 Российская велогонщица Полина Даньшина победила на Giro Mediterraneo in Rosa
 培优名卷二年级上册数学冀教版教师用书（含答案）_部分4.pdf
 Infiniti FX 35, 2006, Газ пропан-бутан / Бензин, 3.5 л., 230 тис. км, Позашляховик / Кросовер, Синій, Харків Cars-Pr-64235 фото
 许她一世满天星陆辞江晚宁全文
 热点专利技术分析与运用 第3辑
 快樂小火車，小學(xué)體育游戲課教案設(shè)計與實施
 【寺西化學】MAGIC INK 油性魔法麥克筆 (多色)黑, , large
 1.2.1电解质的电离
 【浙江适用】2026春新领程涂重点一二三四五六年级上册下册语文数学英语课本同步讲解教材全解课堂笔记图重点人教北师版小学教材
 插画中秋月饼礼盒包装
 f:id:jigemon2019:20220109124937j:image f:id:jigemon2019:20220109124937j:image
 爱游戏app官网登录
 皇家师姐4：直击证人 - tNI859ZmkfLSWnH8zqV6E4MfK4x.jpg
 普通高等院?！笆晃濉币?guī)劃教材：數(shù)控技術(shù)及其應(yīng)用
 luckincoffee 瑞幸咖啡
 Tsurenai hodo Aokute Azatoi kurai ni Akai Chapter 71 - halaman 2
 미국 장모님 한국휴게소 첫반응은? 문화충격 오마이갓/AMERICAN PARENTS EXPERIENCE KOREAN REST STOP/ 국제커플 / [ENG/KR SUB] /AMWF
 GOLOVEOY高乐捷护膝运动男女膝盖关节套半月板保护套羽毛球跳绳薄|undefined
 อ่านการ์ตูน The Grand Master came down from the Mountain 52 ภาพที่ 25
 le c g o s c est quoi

=== TASK DIRECTIONS ===
The line containing "GOLOVEOY高乐捷护膝运" marks the start. Reproduce it and all lines after it through the end of the listing, exactly and alone.

=== RESPONSE TO THE TASK ===
 GOLOVEOY高乐捷护膝运动男女膝盖关节套半月板保护套羽毛球跳绳薄|undefined
 อ่านการ์ตูน The Grand Master came down from the Mountain 52 ภาพที่ 25
 le c g o s c est quoi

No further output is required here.